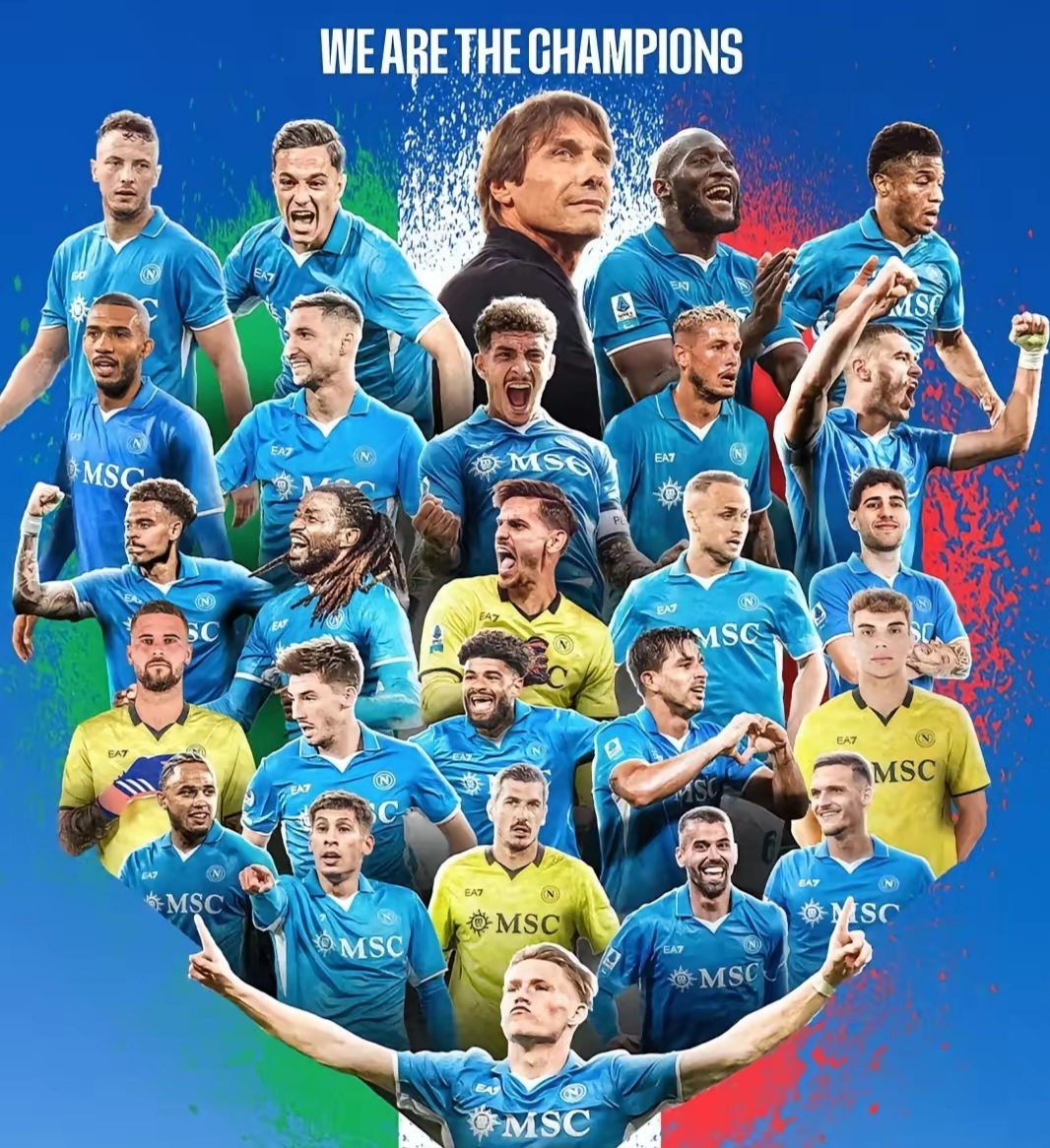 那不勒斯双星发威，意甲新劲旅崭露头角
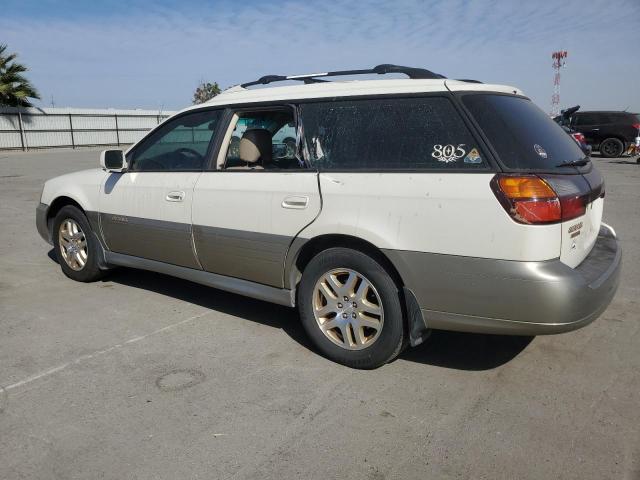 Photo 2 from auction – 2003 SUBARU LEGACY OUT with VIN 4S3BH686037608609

════════

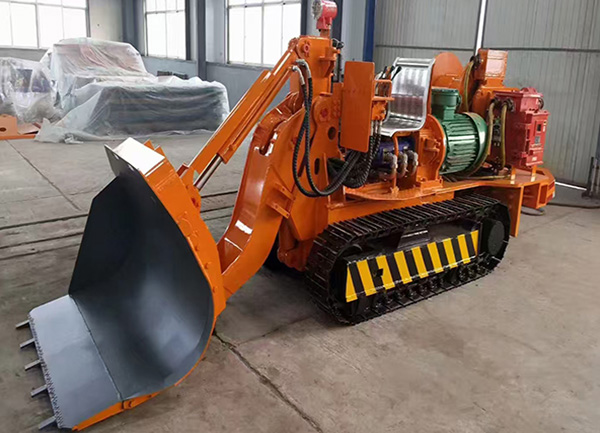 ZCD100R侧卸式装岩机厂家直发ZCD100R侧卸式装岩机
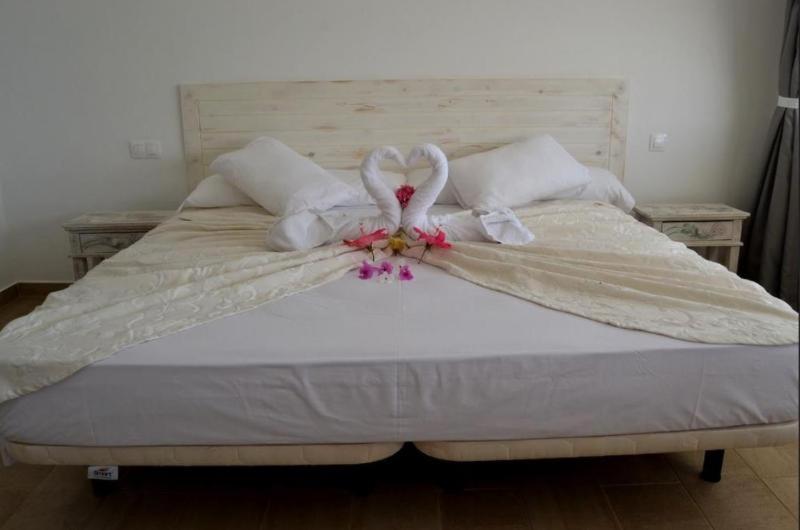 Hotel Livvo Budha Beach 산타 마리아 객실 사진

════════

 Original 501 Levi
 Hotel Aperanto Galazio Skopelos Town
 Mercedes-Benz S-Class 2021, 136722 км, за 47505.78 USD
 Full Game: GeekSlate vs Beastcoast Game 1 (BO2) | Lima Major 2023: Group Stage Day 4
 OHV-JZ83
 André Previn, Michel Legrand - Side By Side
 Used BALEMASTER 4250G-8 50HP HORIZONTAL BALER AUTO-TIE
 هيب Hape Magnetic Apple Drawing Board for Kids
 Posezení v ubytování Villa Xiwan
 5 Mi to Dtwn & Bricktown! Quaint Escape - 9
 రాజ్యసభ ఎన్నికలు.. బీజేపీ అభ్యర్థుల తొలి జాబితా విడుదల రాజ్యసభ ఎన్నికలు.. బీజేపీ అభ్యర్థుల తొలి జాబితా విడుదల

════════

The problem:
All lines above between those holding "André Previn, Michel Legrand - Side By Side" and "రాజ్యసభ ఎన్నికలు.. బీజేపీ అభ్యర్థుల తొలి జాబితా విడుదల రాజ్యసభ", inclusive, must be set down unchanged, and no other line may be included.

Problem solution:
 André Previn, Michel Legrand - Side By Side
 Used BALEMASTER 4250G-8 50HP HORIZONTAL BALER AUTO-TIE
 هيب Hape Magnetic Apple Drawing Board for Kids
 Posezení v ubytování Villa Xiwan
 5 Mi to Dtwn & Bricktown! Quaint Escape - 9
 రాజ్యసభ ఎన్నికలు.. బీజేపీ అభ్యర్థుల తొలి జాబితా విడుదల రాజ్యసభ ఎన్నికలు.. బీజేపీ అభ్యర్థుల తొలి జాబితా విడుదల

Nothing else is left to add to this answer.